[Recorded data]
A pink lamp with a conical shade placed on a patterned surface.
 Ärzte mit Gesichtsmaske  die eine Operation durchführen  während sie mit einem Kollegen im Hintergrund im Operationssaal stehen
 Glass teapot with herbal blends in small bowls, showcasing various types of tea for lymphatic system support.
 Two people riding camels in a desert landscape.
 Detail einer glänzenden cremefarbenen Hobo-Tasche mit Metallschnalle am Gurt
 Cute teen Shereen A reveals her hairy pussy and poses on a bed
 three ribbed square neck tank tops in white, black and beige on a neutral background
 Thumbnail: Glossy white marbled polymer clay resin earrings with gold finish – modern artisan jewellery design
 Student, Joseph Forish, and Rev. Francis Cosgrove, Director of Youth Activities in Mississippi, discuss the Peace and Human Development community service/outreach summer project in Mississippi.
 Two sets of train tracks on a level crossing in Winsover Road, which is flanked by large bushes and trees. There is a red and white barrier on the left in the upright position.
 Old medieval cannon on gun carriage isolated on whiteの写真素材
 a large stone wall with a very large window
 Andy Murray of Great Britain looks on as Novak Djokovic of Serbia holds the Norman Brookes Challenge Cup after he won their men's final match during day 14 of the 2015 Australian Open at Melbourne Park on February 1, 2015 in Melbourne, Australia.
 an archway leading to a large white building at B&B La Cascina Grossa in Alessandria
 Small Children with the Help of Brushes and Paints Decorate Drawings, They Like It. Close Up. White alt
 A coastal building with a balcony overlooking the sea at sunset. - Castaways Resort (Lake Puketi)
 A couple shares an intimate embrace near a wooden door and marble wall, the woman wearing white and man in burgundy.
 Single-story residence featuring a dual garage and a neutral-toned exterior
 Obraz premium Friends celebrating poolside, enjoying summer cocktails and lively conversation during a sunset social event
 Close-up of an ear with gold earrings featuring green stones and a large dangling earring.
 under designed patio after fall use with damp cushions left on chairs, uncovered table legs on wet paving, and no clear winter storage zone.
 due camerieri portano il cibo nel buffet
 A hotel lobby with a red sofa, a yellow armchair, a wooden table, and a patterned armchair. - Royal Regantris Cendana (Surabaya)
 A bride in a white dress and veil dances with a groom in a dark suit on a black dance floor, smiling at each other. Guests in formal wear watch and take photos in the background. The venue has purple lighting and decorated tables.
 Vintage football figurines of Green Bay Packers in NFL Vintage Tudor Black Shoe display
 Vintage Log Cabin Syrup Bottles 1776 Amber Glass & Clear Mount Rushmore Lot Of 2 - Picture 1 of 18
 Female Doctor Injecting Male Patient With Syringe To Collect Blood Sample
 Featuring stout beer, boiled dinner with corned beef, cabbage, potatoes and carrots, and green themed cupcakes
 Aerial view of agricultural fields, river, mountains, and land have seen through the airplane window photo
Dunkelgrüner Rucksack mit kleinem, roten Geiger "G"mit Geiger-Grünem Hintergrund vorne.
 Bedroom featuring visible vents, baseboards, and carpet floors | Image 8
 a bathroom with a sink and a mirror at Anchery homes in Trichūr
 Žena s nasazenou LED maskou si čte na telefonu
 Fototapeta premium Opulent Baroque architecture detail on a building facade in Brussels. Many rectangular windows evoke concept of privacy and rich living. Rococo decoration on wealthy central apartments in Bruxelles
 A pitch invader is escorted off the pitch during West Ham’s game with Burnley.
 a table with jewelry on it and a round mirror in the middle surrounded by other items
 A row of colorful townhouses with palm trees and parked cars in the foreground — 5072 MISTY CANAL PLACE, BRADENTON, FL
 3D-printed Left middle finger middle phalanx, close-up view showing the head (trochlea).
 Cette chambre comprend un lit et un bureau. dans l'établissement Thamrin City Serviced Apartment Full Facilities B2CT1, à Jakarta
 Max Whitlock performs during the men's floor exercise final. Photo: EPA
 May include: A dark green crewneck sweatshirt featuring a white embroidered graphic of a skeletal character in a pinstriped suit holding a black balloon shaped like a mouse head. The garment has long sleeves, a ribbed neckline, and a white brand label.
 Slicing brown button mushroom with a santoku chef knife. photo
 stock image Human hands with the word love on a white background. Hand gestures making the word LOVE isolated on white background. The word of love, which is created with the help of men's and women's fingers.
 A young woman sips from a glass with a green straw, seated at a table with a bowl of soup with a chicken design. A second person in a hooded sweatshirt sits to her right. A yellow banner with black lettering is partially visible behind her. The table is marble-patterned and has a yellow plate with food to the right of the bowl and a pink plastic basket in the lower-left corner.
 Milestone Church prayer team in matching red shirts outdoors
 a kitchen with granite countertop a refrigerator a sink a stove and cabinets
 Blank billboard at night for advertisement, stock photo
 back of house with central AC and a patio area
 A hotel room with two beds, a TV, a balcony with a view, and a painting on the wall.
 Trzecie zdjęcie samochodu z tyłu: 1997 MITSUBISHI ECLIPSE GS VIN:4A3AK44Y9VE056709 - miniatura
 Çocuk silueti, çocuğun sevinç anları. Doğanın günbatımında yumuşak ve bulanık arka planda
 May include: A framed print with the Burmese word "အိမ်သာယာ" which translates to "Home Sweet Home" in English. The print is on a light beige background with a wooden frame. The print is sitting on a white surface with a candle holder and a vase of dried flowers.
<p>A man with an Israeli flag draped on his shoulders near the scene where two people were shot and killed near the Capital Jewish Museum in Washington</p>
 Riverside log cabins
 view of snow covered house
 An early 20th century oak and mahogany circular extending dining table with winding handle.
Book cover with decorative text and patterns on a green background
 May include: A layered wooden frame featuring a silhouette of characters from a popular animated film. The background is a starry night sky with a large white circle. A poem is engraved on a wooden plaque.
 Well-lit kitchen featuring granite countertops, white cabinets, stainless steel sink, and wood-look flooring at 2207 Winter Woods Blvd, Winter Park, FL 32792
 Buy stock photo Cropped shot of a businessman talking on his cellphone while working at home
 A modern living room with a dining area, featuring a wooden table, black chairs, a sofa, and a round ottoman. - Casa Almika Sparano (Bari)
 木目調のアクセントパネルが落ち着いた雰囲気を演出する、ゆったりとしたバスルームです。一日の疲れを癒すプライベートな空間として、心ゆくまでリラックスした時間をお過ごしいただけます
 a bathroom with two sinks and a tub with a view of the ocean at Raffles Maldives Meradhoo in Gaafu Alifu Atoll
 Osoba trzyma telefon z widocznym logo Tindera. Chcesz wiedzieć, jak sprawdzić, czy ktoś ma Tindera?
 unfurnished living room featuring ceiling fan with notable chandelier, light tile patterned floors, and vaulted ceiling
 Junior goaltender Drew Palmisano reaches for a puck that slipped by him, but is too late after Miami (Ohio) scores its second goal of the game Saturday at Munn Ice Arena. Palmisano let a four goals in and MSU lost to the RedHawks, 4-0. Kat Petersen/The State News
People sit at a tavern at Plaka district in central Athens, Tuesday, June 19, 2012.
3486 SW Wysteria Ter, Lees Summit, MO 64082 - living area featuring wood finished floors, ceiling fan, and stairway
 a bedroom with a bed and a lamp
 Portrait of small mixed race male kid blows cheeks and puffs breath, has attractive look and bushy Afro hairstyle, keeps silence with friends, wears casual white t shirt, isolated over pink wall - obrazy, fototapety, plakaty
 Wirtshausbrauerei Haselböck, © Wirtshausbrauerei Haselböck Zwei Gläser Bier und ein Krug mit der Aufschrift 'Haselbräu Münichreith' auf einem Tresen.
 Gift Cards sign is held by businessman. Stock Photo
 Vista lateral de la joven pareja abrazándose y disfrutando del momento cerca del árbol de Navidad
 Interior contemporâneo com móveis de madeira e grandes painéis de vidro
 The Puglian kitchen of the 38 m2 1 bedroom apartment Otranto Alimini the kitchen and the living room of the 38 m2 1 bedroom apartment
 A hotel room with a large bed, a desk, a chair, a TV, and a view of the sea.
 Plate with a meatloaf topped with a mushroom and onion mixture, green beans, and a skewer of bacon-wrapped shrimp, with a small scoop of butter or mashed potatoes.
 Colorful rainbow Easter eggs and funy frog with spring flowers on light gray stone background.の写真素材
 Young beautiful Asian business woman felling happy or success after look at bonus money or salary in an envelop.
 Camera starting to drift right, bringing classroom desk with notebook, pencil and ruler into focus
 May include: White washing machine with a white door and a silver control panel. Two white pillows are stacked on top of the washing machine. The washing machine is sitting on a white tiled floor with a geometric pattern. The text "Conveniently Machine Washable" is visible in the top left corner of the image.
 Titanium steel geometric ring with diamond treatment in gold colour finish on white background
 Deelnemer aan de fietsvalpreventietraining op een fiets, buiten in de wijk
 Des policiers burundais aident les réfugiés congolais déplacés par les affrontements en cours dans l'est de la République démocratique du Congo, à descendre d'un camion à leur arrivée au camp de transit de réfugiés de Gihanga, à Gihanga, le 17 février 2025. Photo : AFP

## Task statement
Of all the entries above, output exactly the lines between the one holding "A bride in a" and the one holding "Fototapeta premium Opulent", inclusive.

## Response
 A bride in a white dress and veil dances with a groom in a dark suit on a black dance floor, smiling at each other. Guests in formal wear watch and take photos in the background. The venue has purple lighting and decorated tables.
 Vintage football figurines of Green Bay Packers in NFL Vintage Tudor Black Shoe display
 Vintage Log Cabin Syrup Bottles 1776 Amber Glass & Clear Mount Rushmore Lot Of 2 - Picture 1 of 18
 Female Doctor Injecting Male Patient With Syringe To Collect Blood Sample
 Featuring stout beer, boiled dinner with corned beef, cabbage, potatoes and carrots, and green themed cupcakes
 Aerial view of agricultural fields, river, mountains, and land have seen through the airplane window photo
Dunkelgrüner Rucksack mit kleinem, roten Geiger "G"mit Geiger-Grünem Hintergrund vorne.
 Bedroom featuring visible vents, baseboards, and carpet floors | Image 8
 a bathroom with a sink and a mirror at Anchery homes in Trichūr
 Žena s nasazenou LED maskou si čte na telefonu
 Fototapeta premium Opulent Baroque architecture detail on a building facade in Brussels. Many rectangular windows evoke concept of privacy and rich living. Rococo decoration on wealthy central apartments in Bruxelles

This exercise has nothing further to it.